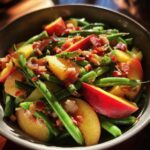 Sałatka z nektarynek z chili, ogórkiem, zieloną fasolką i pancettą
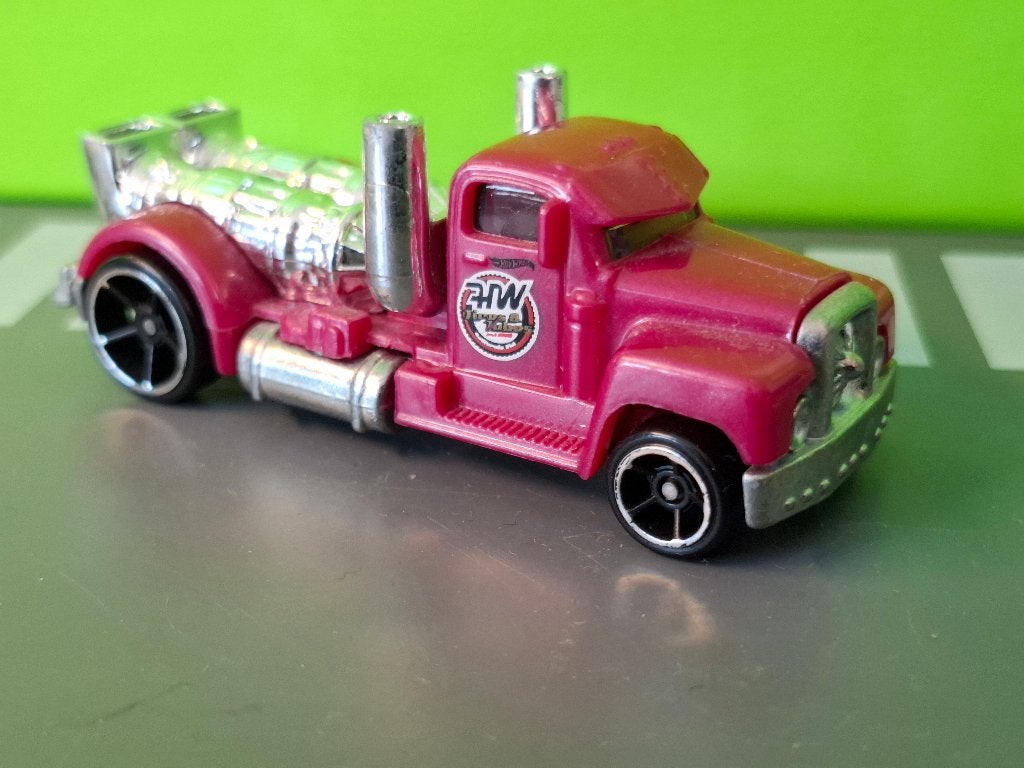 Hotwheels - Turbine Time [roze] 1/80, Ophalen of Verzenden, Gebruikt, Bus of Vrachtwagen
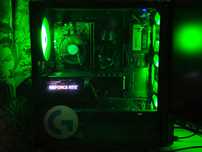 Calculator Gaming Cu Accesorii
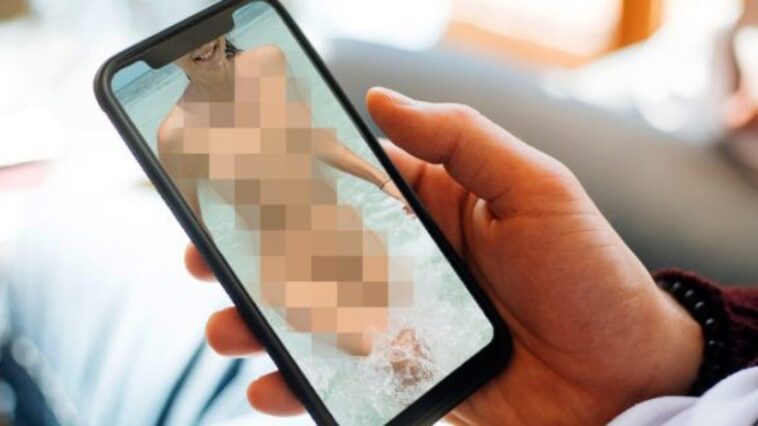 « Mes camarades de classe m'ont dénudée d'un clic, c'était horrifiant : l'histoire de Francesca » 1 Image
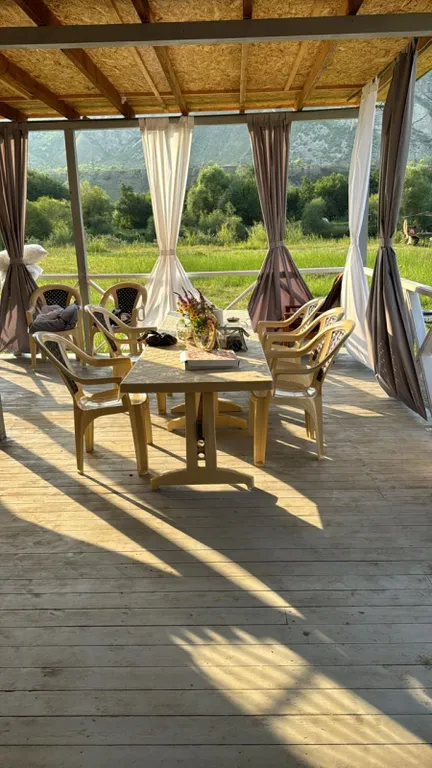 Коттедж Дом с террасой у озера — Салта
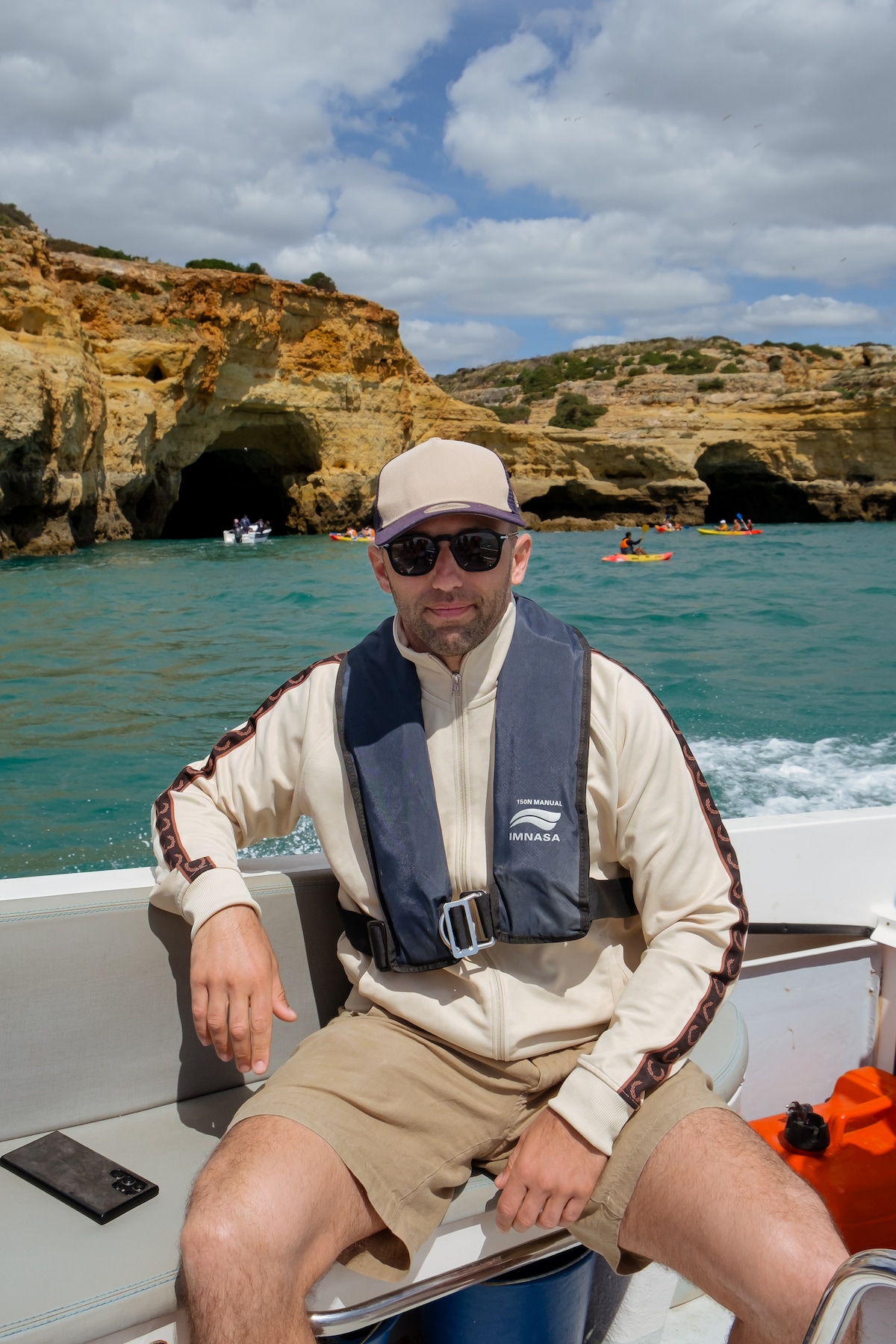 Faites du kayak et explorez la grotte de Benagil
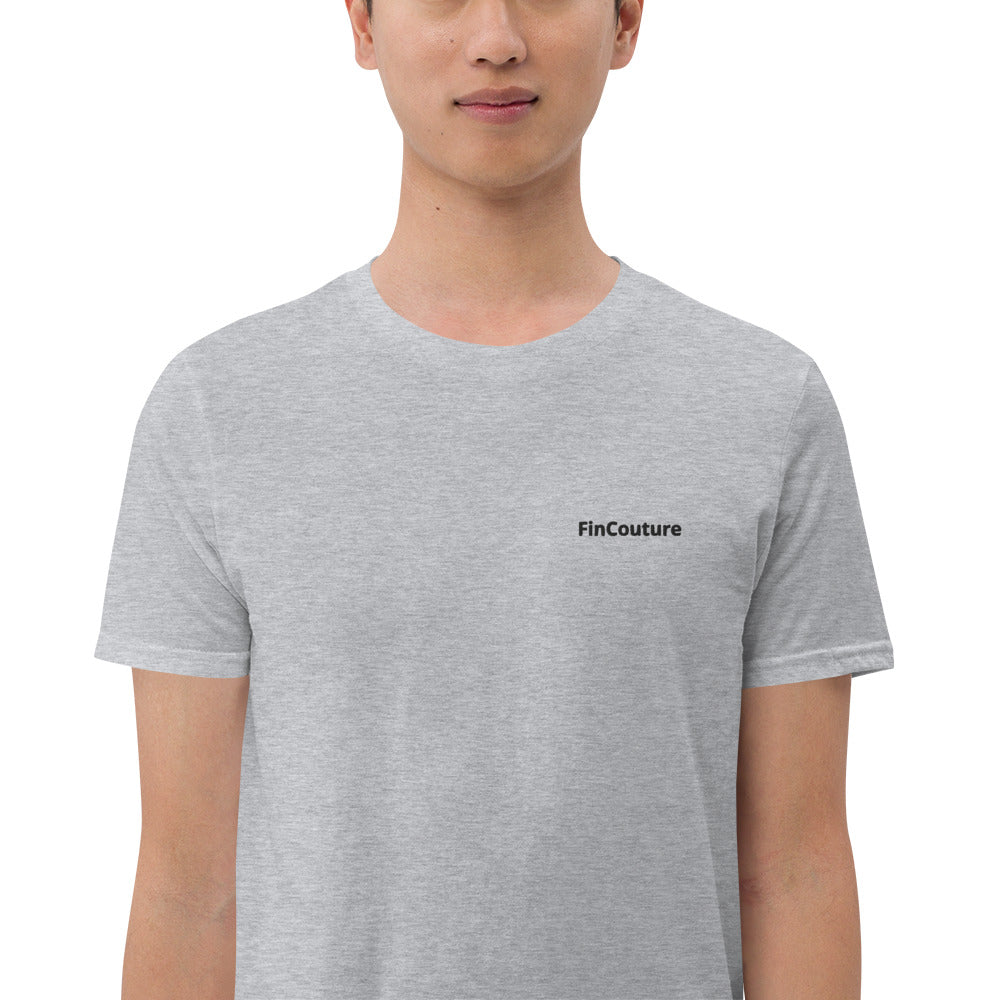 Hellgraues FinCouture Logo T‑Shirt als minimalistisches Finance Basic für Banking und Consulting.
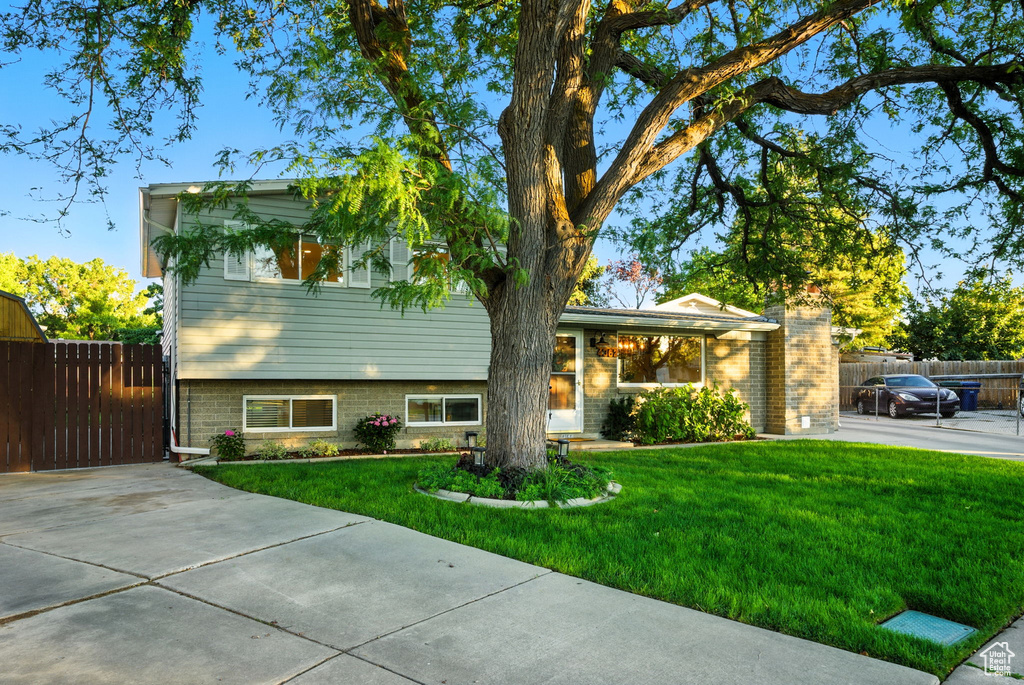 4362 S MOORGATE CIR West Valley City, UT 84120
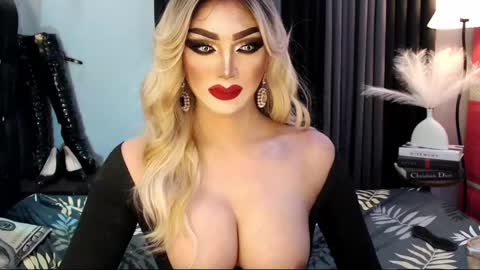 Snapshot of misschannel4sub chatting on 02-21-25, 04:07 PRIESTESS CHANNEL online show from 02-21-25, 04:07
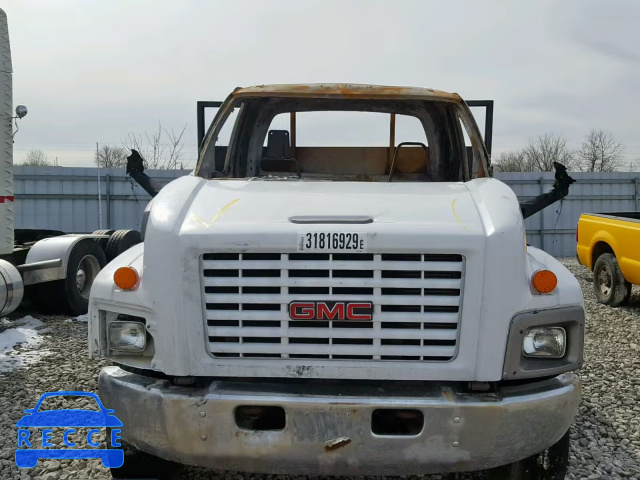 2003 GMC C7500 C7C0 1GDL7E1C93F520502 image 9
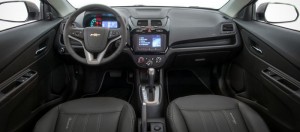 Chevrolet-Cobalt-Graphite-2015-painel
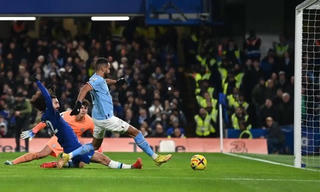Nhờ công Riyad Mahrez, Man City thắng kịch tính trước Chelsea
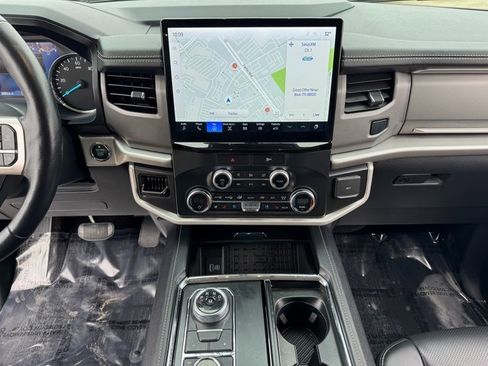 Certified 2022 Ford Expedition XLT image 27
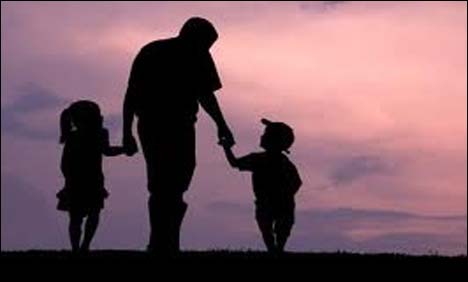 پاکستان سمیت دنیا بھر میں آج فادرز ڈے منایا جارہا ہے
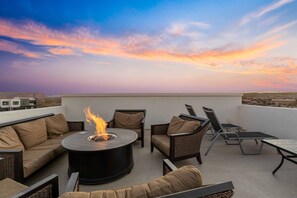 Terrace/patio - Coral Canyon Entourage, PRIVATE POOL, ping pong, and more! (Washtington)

What the task asks -
Print everything from the line with "Hellgraues FinCouture Logo" down to the line with "Nhờ công Riyad" in the entries above, both lines included and nothing more, without the pictures.

Completed task -
 Hellgraues FinCouture Logo T‑Shirt als minimalistisches Finance Basic für Banking und Consulting.
 4362 S MOORGATE CIR West Valley City, UT 84120
 Snapshot of misschannel4sub chatting on 02-21-25, 04:07 PRIESTESS CHANNEL online show from 02-21-25, 04:07
 2003 GMC C7500 C7C0 1GDL7E1C93F520502 image 9
 Chevrolet-Cobalt-Graphite-2015-painel
Nhờ công Riyad Mahrez, Man City thắng kịch tính trước Chelsea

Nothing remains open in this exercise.